The answer is to be the lines below that lie between the line holding "Obraz premium Smiling" and the line holding "Norvo | Gnomisk", inclusive, transcribed exactly and free of pictures.

:: INPUT MATERIAL ::
-- -- --

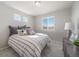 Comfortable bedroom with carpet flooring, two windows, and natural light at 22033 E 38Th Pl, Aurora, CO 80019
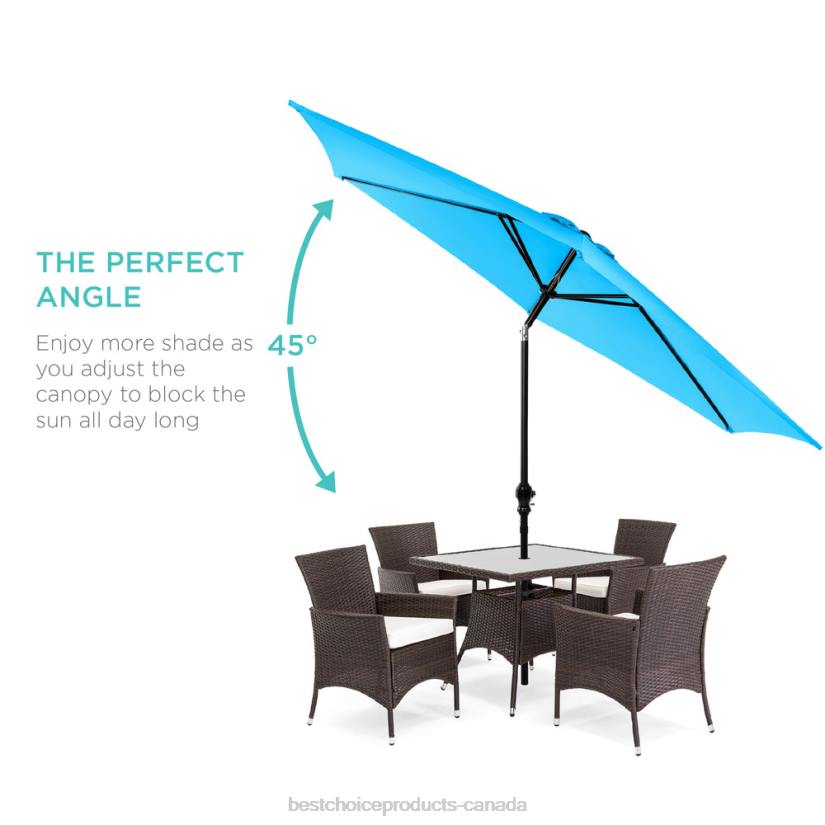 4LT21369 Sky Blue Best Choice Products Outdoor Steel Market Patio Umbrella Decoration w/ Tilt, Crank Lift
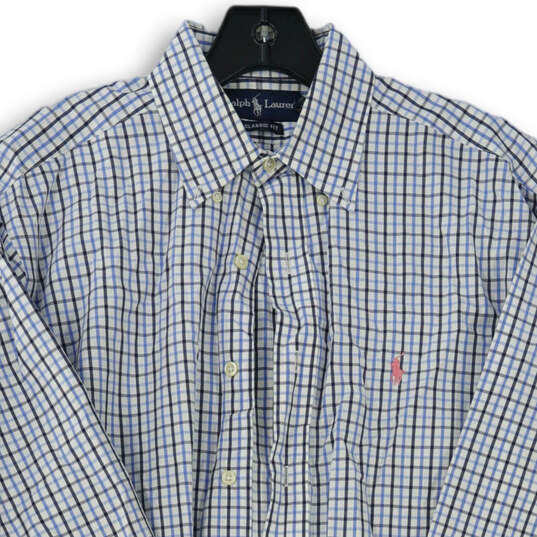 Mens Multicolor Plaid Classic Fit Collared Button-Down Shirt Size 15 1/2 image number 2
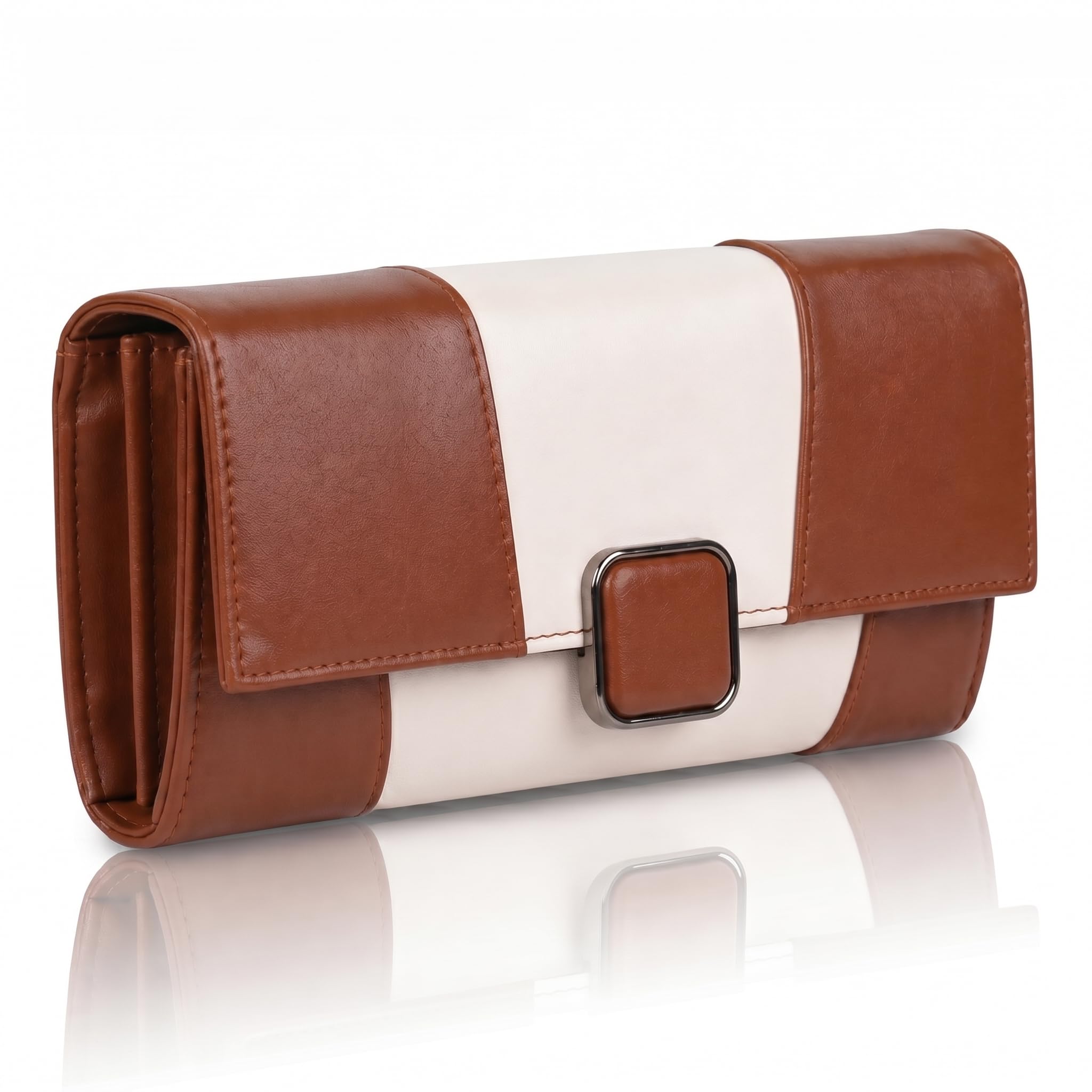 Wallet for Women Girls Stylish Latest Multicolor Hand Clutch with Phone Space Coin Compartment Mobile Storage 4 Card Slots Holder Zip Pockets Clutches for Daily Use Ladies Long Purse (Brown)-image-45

-- -- --

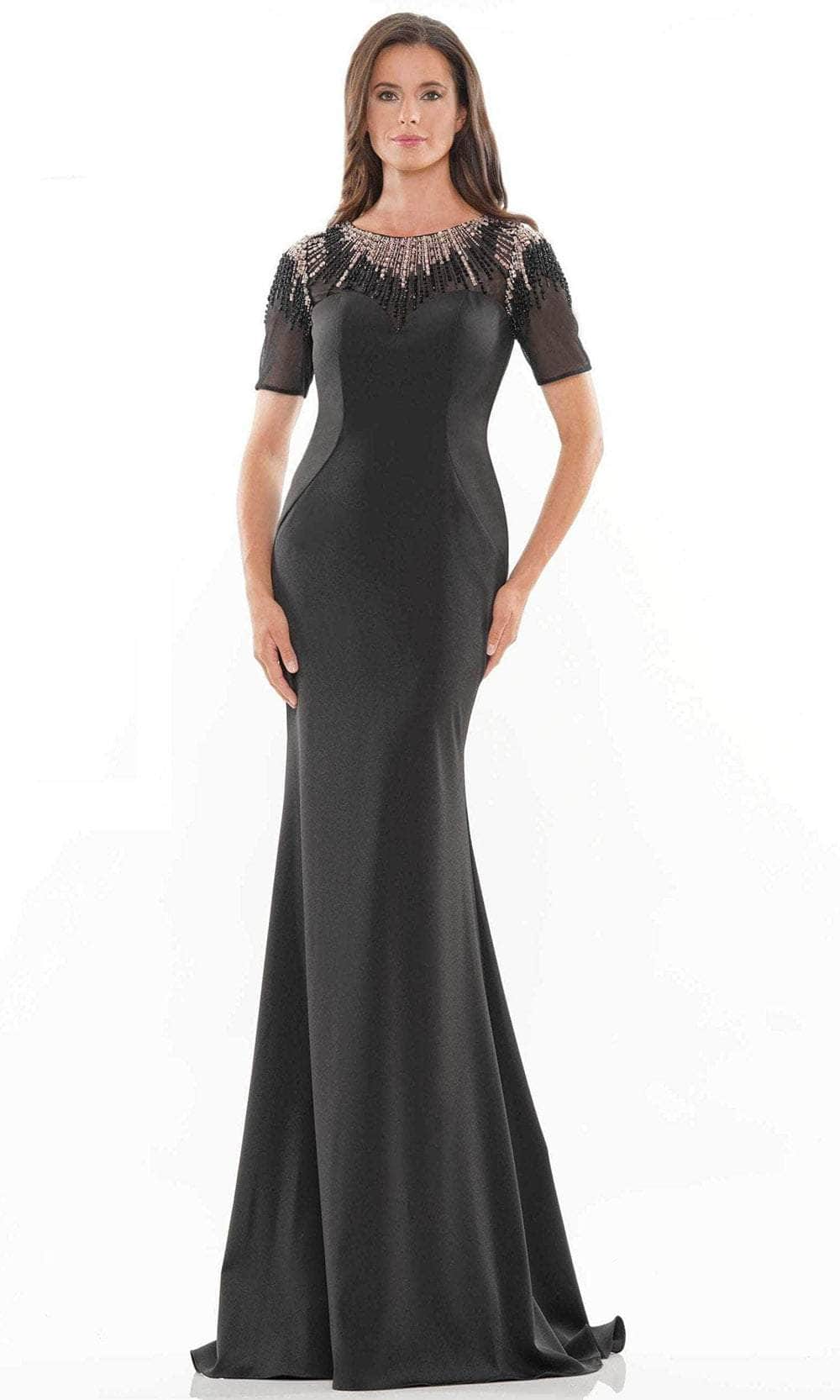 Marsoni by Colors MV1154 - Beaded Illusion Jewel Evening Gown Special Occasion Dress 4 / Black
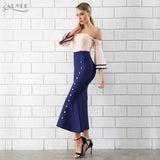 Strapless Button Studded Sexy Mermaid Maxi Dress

-- -- --

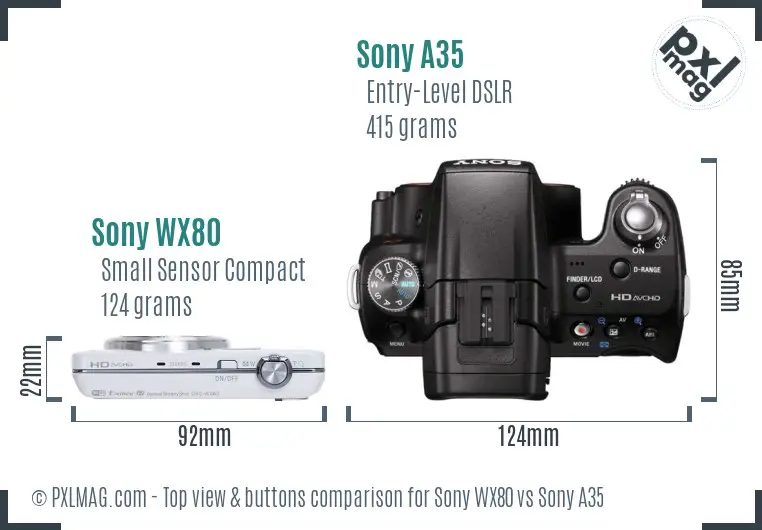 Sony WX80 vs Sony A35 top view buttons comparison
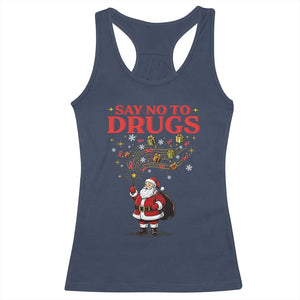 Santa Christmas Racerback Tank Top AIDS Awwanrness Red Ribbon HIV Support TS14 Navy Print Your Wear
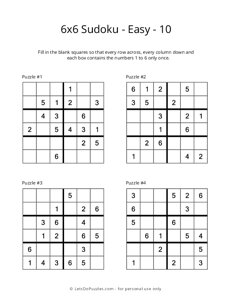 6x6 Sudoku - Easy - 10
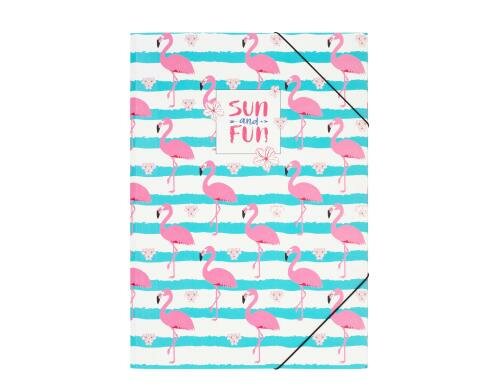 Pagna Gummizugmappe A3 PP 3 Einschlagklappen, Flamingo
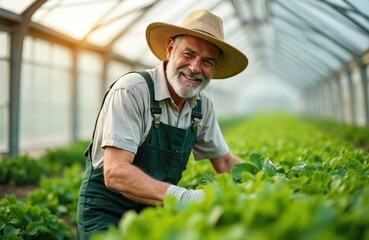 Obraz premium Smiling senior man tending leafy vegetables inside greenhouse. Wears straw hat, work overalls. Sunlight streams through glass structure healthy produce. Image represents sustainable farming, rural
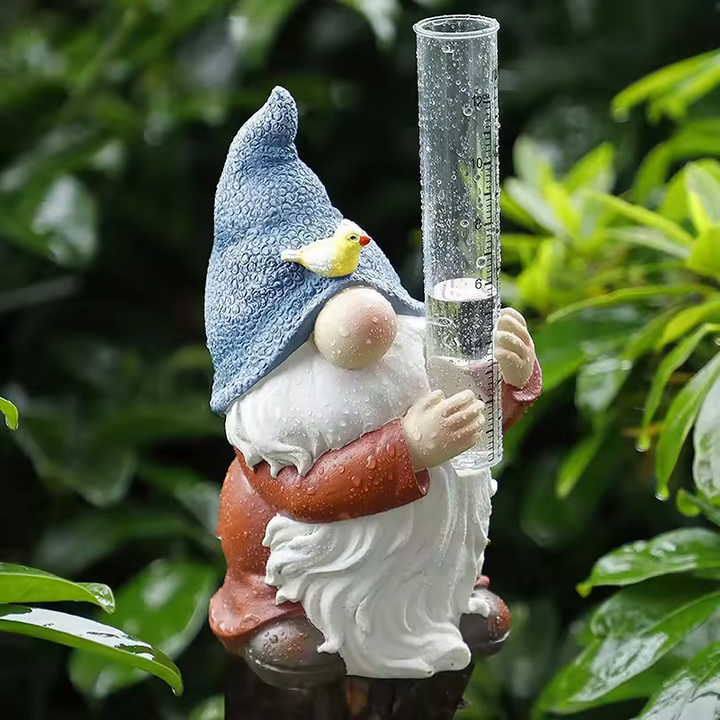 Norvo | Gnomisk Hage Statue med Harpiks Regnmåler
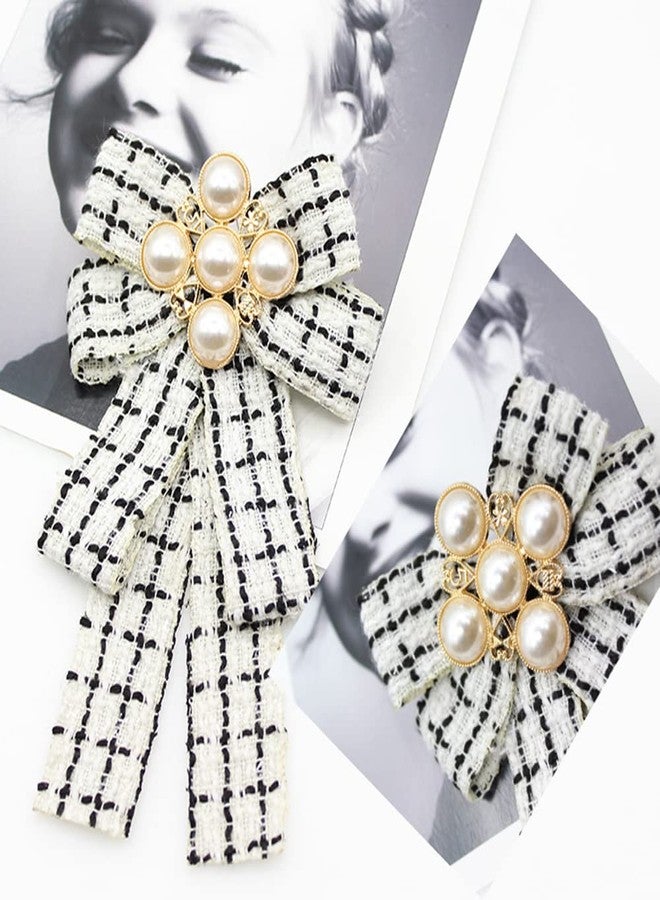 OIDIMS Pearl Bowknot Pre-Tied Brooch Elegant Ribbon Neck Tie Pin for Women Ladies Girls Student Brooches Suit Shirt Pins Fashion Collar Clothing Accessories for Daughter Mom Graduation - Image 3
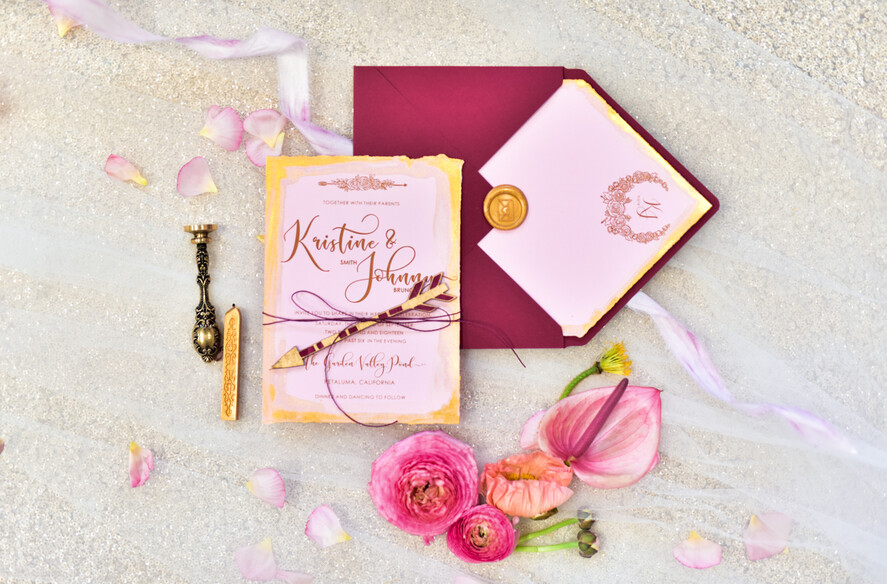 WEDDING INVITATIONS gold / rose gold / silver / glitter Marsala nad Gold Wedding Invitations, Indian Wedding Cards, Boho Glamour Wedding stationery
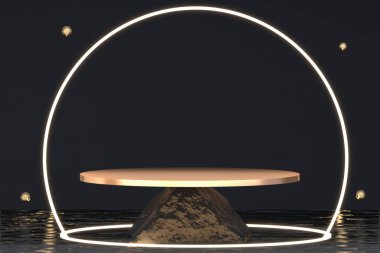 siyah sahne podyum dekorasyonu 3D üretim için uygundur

-- -- --

:: PROBLEM SOLUTION ::
 Obraz premium Smiling senior man tending leafy vegetables inside greenhouse. Wears straw hat, work overalls. Sunlight streams through glass structure healthy produce. Image represents sustainable farming, rural
 Norvo | Gnomisk Hage Statue med Harpiks Regnmåler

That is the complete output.